Chemical Structure of Organic Matter in Water-Stable Macroaggregates of Agrochernozems of Different Positions on the Slope
The chemical structure of organic matter (OM) pools in the 2–1-mm water-stable macroaggregates isolated from air-dry aggregates of the same size in arable horizons of noneroded, eroded, and depositional agrochernozems was studied with solid-state 13 C-NMR spectroscopy. The changes in their chemical structure in the denudation–accumulative landscape are assessed. The overwhelming majority of water-stable macroaggregates in the erosional zone are newly formed due to dynamic replacement of OM in situ, which is clearly demonstrated by the integral chemical structure indicators in all OM pools in macroaggregates.
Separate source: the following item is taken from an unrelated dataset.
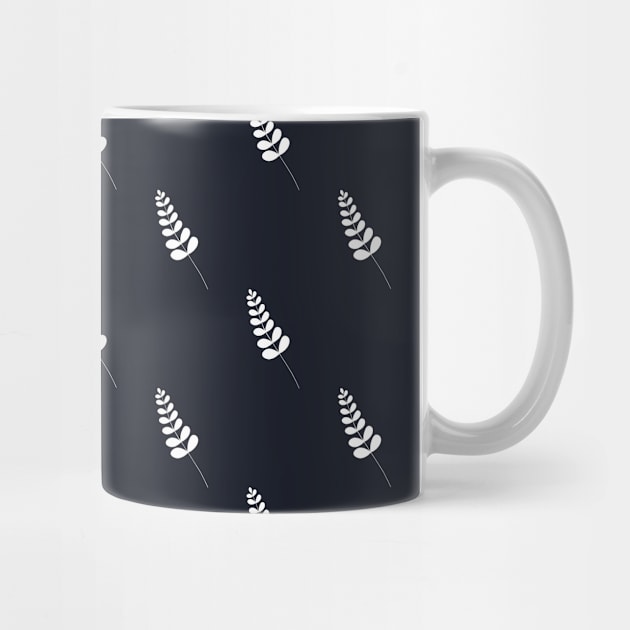 Mountain Ash Collection - Black and White Pattern by Missing.In.Art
Analytical data suggest the prevalent transport of newly formed macroaggregates. The destruction of macroaggregates during the transport phase is accompanied by the release of previously physically protected aggregated OM, which undergoes partial mineralization. Note that its most labile (hydrolyzable) part is predominately mineralized, whereas its stable part remains weakly changed or intact. Mineral-associated OM (clay and residue) weakly changes or does not change at all, retaining relative freshness, which indirectly suggests the prevalent migration of newly formed macroaggregates from the erosional zone. A greater degree of freshness of LF fr (free OM) in macroaggregates of depositional agrochernozem results from the abundance of fresh crop residues of the depositional zone together with the residues transported from the erosional zone.